Um jogo desanimado, com muitas faltas e pouco futebol. Como o jornalista vai fazer para que seu espectador se interesse por um jogo assim? Acaba aí a questão do jornalismo neutro. Muitas vezes de forma compreensível, como nesta do referido jogo.

E o jornalista esportivo? Como ele dirá a seu ouvinte que o jogo está fraco, duro de ser assistido ou desanimado? Seria o mesmo que ele recomendar que o telespectador mude de canal, procure coisa mais interessante ou inteligente. Como passar ao ouvinte que o jogo transmitido na outra rádio está mais animado? Será que o título de sua matéria poderia ser ‘Mais um jogo fraco?’ Quem se interessará em ler uma matéria como esta?

Morrendo de rir

É nessa hora que o público coloca a flexibilidade do jornalista à prova. Ele vai ter que dizer que o jogo não está lá essas coisas, mas influencia nos pontos daquele do outro canal, e que por isso é melhor você assistir para saber como vai ficar o seu time. Esse foi o caso de Fluminense e Botafogo: o jogo foi fraco, mas os times estão na ponta da tabela brigando pela liderança.

O jornalismo, nesse caso, não deixaria de ser neutro, mas e quando o profissional prefere apelar ao exagero? O jogador chuta a bola quase na lateral e ele diz pelo rádio que a bola passou raspando no gol. E na TV é pior. Altera a voz e a velocidade da locução para passar ao público uma emoção que não existe. Mérito do locutor, quando consegue, é claro.

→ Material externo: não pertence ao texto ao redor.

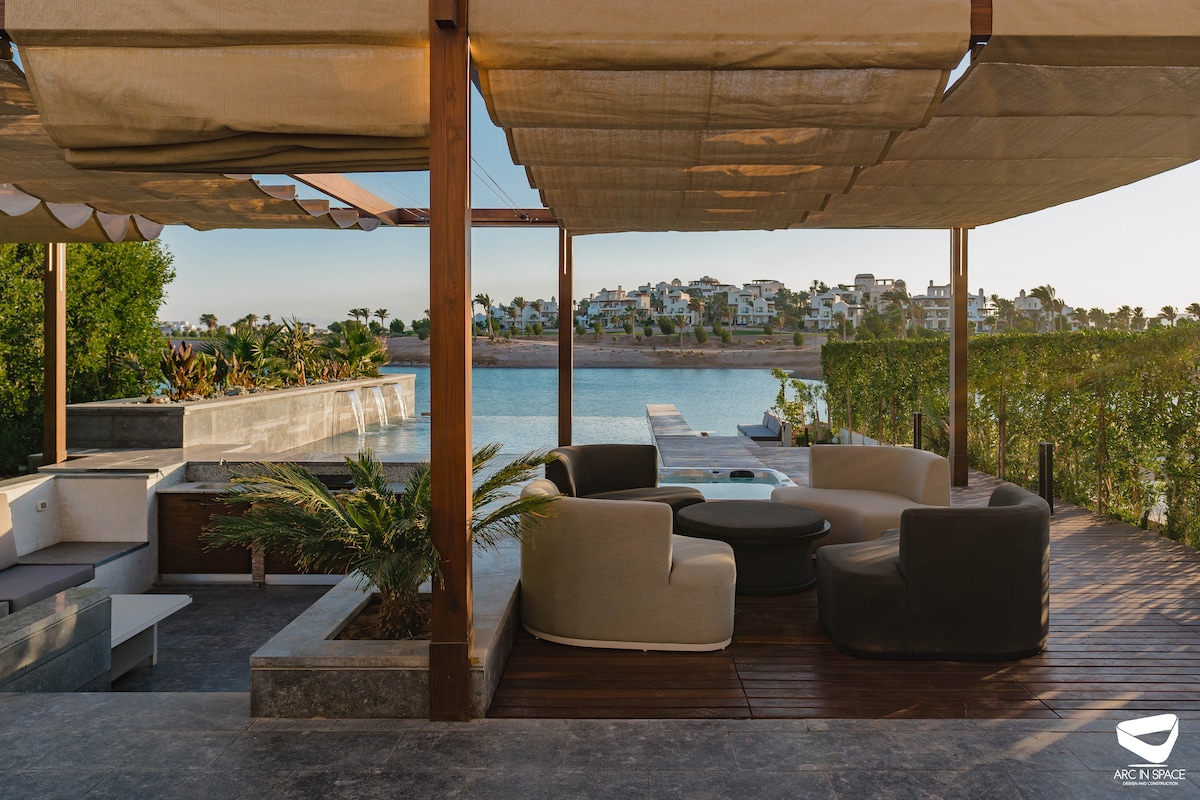 An outdoor lounge area features comfortable seating arranged around a central table. Natural greenery surrounds the space, with a view of the lagoon in the background. The setting is designed to blend with the tranquil landscape, providing an inviting space for relaxation.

E quando termina o jogo, o que perguntar aos jogadores de um jogo apático e sem graça nenhuma? Já vi colegas chegarem a um jogador que acabara de perder por 4 a 0 e perguntar: ‘E aí fulano, o que achou do jogo?’ A resposta não poderia ser outra: ‘O que você acha?’ Outra vez, depois de outra goleada, o repórter: ‘E aí beltrano, você está triste com o placar?’ E o jogador: ‘Não, imagina… estou morrendo de rir… rá, rá, rá…’.

O controle nas mãos

Que os jornalistas esportivos não escolhem o que será transmitido, isso é fato, mas ter flexibilidade para dar emoção a algo sem graça torna-se cada vez mais uma obrigação. É como ter que cobrir uma matéria sobre a idade das amebas e fazer isso virar manchete.

O papel do jornalista esportivo é e sempre foi informar ao espectador, o que jamais pode ser confundido com enganação. Onde ficam os direitos do consumidor? Quando um locutor de rádio passa uma coisa que na realidade não está acontecendo, de certa forma, está desrespeitando seu público e, conseqüentemente, seus direitos.

Informar é bem diferente de enganar. Deduzir que uma coisa leva à outra é o mesmo que dizer que o jornalismo investigativo não precisa ser neutro.

As rodadas do campeonato continuam, o jornalista não escolhe o que será transmitido, mas o espectador ainda tem o controle (remoto) em mãos.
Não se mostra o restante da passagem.